ティーンエージャーの旅立ちという普遍的なテーマ
『CODA』という映画が輝いている理由にはもう一つの側面がある。若者たちが夢に向けて巣立っていく普遍的な姿が、実に力強く描かれているのだ。
映画は合唱クラブのコンサートで最高潮の盛り上がりを迎える。その主人公ルビーのデュエットのくだりで、へダー監督は巧妙な演出を仕掛けてみせた。我々観客を、美しい歌声を届けるルビーの側ではなく、耳の聞こえない両親の視点にしっかりと寄り添わせるのである。
しばし広がる”音のない世界”。周りには歌声に感極まってハンカチで目頭を押さえる者もいる。だが、美しく響きわたっているであろうその歌声を、ルビーの両親は直接耳にすることができない。これだけ長く一緒に暮らしてきた娘について、自分たちはなんでも知っているようで、しかし理解できていないところがあるのではないかーーそんな戸惑いや葛藤があふれ、両親は改めて彼女の素晴らしさを知りたいと心から願う。ずっと平行線だった両者の感情のベクトルは、この場面を機に急速に結びついていくわけだ。

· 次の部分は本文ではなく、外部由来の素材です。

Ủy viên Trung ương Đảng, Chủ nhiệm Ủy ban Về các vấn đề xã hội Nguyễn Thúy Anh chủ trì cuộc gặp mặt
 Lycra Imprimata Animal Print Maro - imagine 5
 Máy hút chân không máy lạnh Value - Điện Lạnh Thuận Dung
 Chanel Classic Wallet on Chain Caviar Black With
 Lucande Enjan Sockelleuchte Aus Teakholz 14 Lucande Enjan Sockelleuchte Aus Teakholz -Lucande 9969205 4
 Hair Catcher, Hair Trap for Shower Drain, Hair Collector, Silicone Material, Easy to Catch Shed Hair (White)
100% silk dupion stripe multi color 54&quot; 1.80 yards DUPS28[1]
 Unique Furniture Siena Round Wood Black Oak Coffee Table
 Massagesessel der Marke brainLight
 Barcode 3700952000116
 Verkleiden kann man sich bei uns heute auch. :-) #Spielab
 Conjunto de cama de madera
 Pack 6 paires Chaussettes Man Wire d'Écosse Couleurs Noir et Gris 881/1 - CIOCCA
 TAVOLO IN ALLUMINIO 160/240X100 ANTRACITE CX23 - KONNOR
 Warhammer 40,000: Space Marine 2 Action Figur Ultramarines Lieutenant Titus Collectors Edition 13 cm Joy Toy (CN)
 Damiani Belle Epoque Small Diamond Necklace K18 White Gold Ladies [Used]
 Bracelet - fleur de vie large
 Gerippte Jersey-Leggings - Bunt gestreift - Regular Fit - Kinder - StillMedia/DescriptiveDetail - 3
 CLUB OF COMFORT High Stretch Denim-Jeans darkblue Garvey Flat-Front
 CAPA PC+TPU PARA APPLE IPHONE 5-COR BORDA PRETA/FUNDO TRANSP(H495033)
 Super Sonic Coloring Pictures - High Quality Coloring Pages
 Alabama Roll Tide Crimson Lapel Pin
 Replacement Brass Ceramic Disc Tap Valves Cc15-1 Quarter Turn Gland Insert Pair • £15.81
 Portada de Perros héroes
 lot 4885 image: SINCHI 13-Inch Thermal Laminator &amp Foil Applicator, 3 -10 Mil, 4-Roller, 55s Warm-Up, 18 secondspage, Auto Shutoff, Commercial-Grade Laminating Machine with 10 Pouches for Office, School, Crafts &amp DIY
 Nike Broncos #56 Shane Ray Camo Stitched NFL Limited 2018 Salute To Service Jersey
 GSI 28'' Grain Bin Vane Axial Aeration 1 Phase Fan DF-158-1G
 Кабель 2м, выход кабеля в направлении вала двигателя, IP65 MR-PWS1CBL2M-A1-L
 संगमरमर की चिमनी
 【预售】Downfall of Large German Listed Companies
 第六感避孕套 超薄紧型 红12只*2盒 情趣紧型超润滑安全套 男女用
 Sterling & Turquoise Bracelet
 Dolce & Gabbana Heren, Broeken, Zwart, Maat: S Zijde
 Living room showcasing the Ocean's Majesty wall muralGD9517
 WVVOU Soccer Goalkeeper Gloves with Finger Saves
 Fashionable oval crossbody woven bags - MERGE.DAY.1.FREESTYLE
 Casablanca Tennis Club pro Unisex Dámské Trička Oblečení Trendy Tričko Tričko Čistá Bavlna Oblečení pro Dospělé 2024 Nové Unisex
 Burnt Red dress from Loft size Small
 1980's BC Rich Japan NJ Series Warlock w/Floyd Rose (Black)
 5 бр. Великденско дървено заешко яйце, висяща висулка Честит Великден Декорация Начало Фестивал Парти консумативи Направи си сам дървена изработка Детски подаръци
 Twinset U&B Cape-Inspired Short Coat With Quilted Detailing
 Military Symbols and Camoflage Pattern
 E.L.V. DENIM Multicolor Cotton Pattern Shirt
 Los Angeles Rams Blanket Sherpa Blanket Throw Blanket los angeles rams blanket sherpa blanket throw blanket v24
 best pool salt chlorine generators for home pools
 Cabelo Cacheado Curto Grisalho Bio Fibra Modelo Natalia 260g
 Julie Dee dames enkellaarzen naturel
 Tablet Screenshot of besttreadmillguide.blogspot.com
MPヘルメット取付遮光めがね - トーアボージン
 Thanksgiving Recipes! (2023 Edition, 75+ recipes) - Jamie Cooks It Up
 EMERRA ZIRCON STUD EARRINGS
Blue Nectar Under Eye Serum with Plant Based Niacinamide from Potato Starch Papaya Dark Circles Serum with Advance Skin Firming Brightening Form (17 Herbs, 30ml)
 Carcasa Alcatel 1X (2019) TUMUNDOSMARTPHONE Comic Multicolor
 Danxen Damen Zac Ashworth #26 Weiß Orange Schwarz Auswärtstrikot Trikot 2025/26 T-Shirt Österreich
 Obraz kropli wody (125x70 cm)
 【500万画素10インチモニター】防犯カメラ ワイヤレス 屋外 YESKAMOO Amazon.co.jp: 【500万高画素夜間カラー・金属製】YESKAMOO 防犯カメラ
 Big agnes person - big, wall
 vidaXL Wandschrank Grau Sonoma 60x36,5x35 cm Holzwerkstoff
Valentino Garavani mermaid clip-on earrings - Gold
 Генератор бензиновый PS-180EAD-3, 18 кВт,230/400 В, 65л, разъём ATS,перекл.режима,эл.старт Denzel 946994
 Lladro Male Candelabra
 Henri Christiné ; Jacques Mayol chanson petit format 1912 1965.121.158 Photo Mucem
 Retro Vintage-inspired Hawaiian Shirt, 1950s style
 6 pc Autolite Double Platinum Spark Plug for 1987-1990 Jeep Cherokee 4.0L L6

『コーダ あいのうた』© 2020 VENDOME PICTURES LLC, PATHE FILMS
障がいの有無にかかわらず、ティーンエージャーの親ならば、こういった心境はきっと一度や二度、何らかの形で経験したことがあるに違いない。
そして何よりも素敵なのは、コンサート場面では"無音"として表現されたルビーの歌声が、クライマックスでは耳の聞こえない家族がしっかりと受け止められる特別な手法で、美しく愛情たっぷりに奏でられる点である。
ここでふと思い出すのはタイトルの意味だ。”CODA”には「Child of Deaf Adults (聴覚障害の親を持つ子供)」の他に、音楽用語として「楽曲や楽章の終わりに、高揚や重みなどをもたらすため設けられた”締めくくり”の部分」といった意味もある。
愛する家族のために特別に捧げられたクライマックス・シーンは、まさにこの「締めくくり」にふさわしい。まるで旅立ちの儀式を見ているかのような感動がそこにはあふれ、映画が終わってもずっと我々の心を清々しい余韻で満たし続けてくれるのである。
参考記事:
1977年、長崎出身。3歳の頃、父親と『スーパーマンII』を観たのをきっかけに映画の魅力に取り憑かれる。明治大学を卒業後、映画放送専門チャンネル勤務を経て、映画ライターへ転身。現在、映画.com、EYESCREAM、リアルサウンド映画部などで執筆する他、マスコミ用プレスや劇場用プログラムへの寄稿も行っている。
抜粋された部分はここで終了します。